Key Highlights
- Waymo’s autonomous vehicles have logged 170.7 million driverless miles, demonstrating approximately 10 times fewer serious accidents than human-operated vehicles
- Morgan Stanley maintains its Buy recommendation on GOOGL with a $330 price target, highlighting Waymo’s accelerated expansion trajectory
- Evercore ISI holds its Outperform stance with a $400 price objective following survey data showing Google’s search market share rising from 70% to 75% between August 2025 and March 2026
- ChatGPT’s search penetration declined from 13% to 11% during the identical timeframe; 52% of generative AI users reported increased Google search activity
- Alphabet shares have declined approximately 7% in 2026 and sit roughly 17% below the 52-week peak of $349, yet nearly 90% of Wall Street analysts maintain Buy ratings
Alphabet (GOOGL) shares retreated 2% during Thursday morning trading sessions, settling at $285.27, as broader equity market pressures impacted tech stocks.
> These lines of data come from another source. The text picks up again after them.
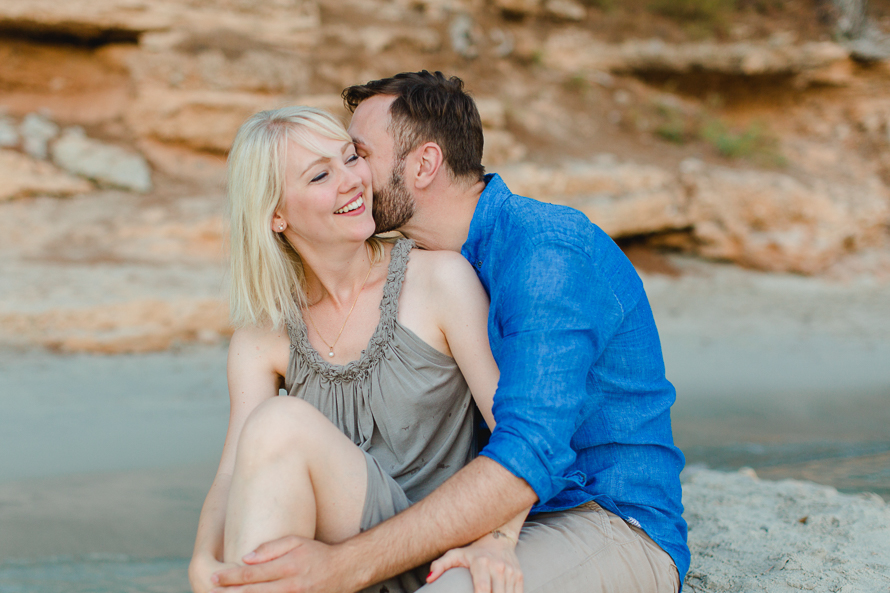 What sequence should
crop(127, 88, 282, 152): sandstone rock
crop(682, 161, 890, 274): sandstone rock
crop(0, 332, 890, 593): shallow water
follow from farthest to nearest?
1. crop(682, 161, 890, 274): sandstone rock
2. crop(127, 88, 282, 152): sandstone rock
3. crop(0, 332, 890, 593): shallow water

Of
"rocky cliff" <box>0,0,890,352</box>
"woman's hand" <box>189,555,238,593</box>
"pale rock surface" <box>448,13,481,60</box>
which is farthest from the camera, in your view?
"pale rock surface" <box>448,13,481,60</box>

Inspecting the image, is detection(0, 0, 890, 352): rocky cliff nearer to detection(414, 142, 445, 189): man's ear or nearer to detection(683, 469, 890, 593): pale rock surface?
detection(414, 142, 445, 189): man's ear

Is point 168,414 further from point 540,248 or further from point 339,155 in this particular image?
point 540,248

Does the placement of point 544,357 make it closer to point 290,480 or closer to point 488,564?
point 488,564

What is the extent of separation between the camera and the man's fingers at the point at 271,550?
63.8 inches

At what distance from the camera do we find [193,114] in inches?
A: 318

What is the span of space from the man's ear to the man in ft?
A: 0.05

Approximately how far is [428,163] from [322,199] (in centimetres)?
48

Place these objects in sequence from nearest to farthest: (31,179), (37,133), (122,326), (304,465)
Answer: (304,465) < (122,326) < (31,179) < (37,133)

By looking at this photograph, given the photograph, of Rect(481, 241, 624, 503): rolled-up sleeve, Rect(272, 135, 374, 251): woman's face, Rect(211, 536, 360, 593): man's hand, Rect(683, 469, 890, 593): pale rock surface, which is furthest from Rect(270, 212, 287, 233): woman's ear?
Rect(683, 469, 890, 593): pale rock surface

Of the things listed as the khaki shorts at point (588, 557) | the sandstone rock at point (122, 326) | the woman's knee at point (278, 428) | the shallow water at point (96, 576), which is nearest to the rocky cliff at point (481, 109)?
the sandstone rock at point (122, 326)

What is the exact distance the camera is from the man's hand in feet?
5.25

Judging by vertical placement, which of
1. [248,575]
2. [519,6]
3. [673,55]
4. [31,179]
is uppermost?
[519,6]

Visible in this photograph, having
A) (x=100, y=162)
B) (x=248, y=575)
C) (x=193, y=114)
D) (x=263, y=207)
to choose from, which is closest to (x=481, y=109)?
(x=193, y=114) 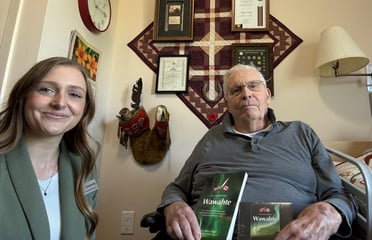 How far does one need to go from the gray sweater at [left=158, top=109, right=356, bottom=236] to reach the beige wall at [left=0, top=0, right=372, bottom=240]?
1.41ft

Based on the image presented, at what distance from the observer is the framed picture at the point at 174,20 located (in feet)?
5.98

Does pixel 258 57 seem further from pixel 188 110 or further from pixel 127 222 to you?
pixel 127 222

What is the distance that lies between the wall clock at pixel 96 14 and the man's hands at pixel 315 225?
138cm

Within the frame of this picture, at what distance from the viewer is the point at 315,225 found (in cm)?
85

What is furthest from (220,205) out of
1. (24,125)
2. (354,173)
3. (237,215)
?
(24,125)

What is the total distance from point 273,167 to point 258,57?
0.85 meters

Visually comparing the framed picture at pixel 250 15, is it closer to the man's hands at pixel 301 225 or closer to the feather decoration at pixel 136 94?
the feather decoration at pixel 136 94

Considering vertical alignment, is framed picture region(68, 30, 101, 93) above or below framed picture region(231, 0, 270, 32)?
below

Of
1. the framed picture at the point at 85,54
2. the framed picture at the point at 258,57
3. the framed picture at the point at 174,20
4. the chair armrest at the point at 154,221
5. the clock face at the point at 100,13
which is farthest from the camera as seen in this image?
the framed picture at the point at 174,20

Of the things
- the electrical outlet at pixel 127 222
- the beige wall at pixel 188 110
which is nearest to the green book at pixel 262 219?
the beige wall at pixel 188 110

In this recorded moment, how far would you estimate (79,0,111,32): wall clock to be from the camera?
4.95 ft

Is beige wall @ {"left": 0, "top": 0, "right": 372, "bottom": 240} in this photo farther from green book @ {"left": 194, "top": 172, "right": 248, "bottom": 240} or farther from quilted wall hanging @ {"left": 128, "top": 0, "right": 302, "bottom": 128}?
green book @ {"left": 194, "top": 172, "right": 248, "bottom": 240}

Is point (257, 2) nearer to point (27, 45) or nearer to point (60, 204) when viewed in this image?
point (27, 45)

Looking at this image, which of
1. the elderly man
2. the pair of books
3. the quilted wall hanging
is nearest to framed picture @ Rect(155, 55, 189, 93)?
the quilted wall hanging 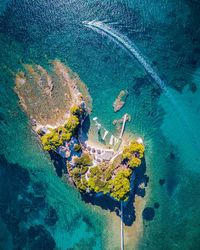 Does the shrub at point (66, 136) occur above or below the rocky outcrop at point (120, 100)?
below

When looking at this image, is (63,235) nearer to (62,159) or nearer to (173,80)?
(62,159)

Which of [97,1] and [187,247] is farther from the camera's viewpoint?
[187,247]

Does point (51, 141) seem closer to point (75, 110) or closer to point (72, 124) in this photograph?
point (72, 124)

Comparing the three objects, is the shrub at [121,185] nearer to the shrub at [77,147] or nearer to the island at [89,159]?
the island at [89,159]

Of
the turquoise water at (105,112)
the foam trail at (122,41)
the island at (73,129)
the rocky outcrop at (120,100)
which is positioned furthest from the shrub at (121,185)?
the foam trail at (122,41)

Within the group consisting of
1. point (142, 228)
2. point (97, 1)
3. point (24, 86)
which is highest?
point (97, 1)

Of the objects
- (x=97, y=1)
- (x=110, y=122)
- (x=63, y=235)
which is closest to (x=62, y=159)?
(x=110, y=122)

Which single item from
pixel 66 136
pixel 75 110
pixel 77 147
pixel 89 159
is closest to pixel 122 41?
pixel 75 110

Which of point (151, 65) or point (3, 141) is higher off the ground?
point (151, 65)

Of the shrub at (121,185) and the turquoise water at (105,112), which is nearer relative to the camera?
the shrub at (121,185) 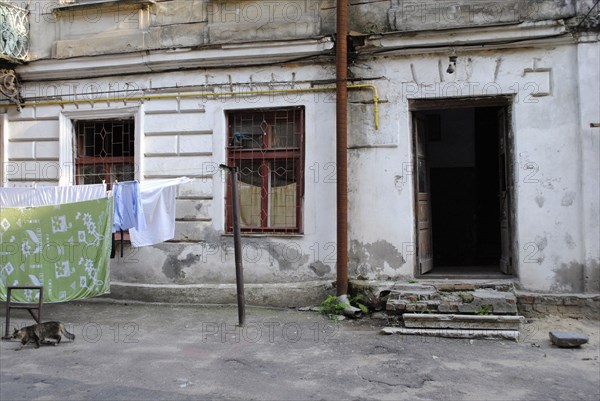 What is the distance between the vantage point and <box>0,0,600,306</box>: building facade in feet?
24.7

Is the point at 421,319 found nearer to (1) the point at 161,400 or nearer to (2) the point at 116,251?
(1) the point at 161,400

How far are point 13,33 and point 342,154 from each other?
242 inches

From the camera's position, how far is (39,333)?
20.4ft

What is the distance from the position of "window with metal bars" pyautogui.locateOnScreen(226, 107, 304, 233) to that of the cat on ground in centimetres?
310

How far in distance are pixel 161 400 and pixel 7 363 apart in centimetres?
217

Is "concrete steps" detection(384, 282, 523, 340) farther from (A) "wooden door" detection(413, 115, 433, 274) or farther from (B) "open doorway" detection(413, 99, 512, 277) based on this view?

The S&P 500 declined 0.8% while the Dow Jones Industrial Average fell 0.4%, with crude oil prices surging over 4%.
The decline occurred despite two encouraging analyst assessments — from Morgan Stanley and Evercore ISI — that underscored optimism regarding both Waymo’s autonomous vehicle platform and Google’s core search business.
Morgan Stanley’s Brian Nowak maintained his Buy recommendation with a $330 price objective, noting that “Waymo continues to scale faster than expected…leading with safety.” The company’s most recent operational data through December 2025 reveals 170.7 million fully autonomous miles completed without human oversight.
Those figures exceeded Morgan Stanley’s internal projections.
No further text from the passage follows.